Je me tenais là, à espionner toutes ces conversations. Et l’enseignant·e pouvait être ailleurs en train d’observer ou faire autre chose. J’ai vu ces classes incroyablement belles, qui ressemblaient vraiment à ce que j’avais lu et à ce que décrivent les livres de Montessori que j’ai étudiés. (…)
Et il y avait les autres classes, où tout allait de travers, où les enfants ne semblaient pas travailler du tout. Elles étaient en désordre. Les enfants détournaient le matériel pour jouer. Le matériel était maltraité. On n’avait aucunement l’impression que les enfants apprenaient quoi que ce soit ni que leur développement suivait son cours. Les enfants semblaient parfois beaucoup s’amuser, mais l’impression générale qui s’en dégageait était vraiment différente. Et ça ne ressemblait pas à ce que Montessori décrit dans ses livres.
Je me suis donc demandé si les résultats de ces classes étaient différents. J’avais besoin d’un moyen objectif d’identifier ce qui était différent dans ces classes. Une différence est ressortie : il m’a semblé que les salles de classe qui fonctionnaient mieux n’étaient dotées que de matériel Montessori, ou pas grand-chose d’autre. J’ai donc utilisé cette différence comme mesure. Cela ne signifie pas que c’est tout ce qui importe dans une classe. Mais il s’agissait d’un critère facile à mettre en place. (…) On parle de « Montessori enrichi. »

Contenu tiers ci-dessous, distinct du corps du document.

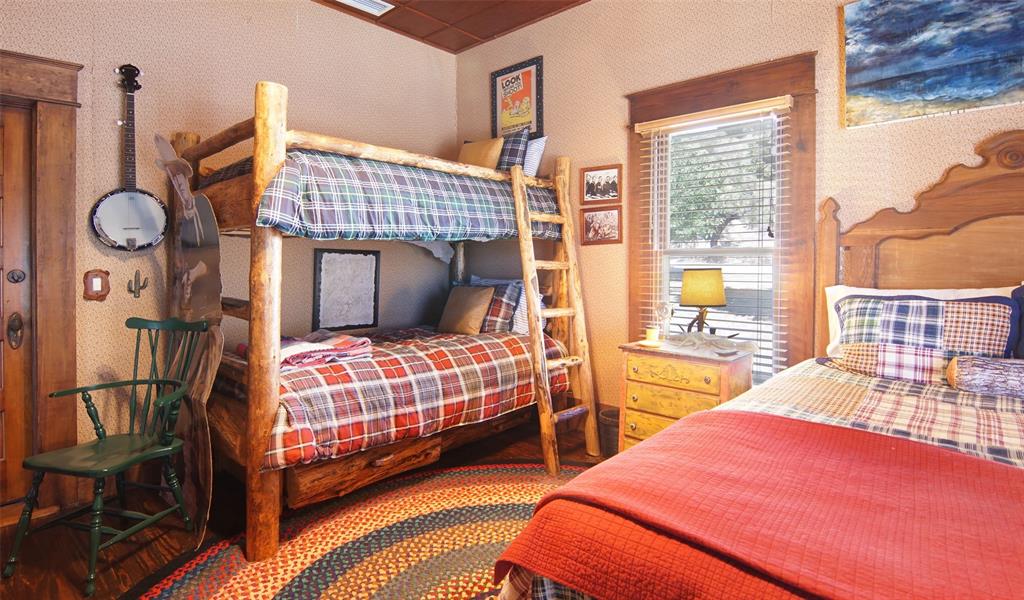 400 Weldons Way Graford, TX 76449 - Photo 24 of 35 a bedroom with two beds and a large window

L’étude évoquée par Angeline Stoll Lillard (Removing Supplementary Materials from Montessori Classrooms Changed Child Outcomes, Angeline S. Lillard and Megan J. Heise, University of Virginia, Mai 2016, Journal of Montessori Research) compare les progrès des enfants de classes où le matériel non issu du curriculum Montessori a été retiré à ceux des enfants de classes où il a été conservé.
Lorsqu’uniquement le matériel Montessori est disponible, il a été mesuré que les enfants ont davantage progressé – de manière significative – en lecture et au niveau des fonctions exécutives, et de manière plus mesurée en mathématiques.
Savoir respecter la profonde cohérence sans figer une pédagogie qui n’a pas vocation à l’être
Montessori n’a pas elle-même figé sa pédagogie. Elle l’exprime expressément. Son travail doit être affiné par la recherche scientifique constante.
On peut aussi considérer que certains aspects de la pédagogie Montessori ont été formalisés a posteriori. Ou que des pratiques plus récentes liées à la posture des adultes comme la communication non violente, l’expression du cadre clair, l’encouragement positif des comportements etc. sont en parfaite ligne avec l’esprit de la pédagogie Montessori.
Pour conclure, il est toujours enrichissant d’étudier plus qu’une pédagogie pour développer un esprit critique aiguisé et mieux comprendre la pédagogie que l’on pratique. Mais au vu de l’état de la recherche, il nous semble qu’il est important de ne pas se précipiter et “enrichir” la pédagogie de tel ou tel matériel, de telle ou telle pratique avant d’en avoir une compréhension profonde et une pratique suffisante au risque d’introduire des difficultés de mise en oeuvre dont on ne saurait plus identifier les sources réelles.
À bientôt
Jeanne, de l’équipe d’AIRAM Montessori.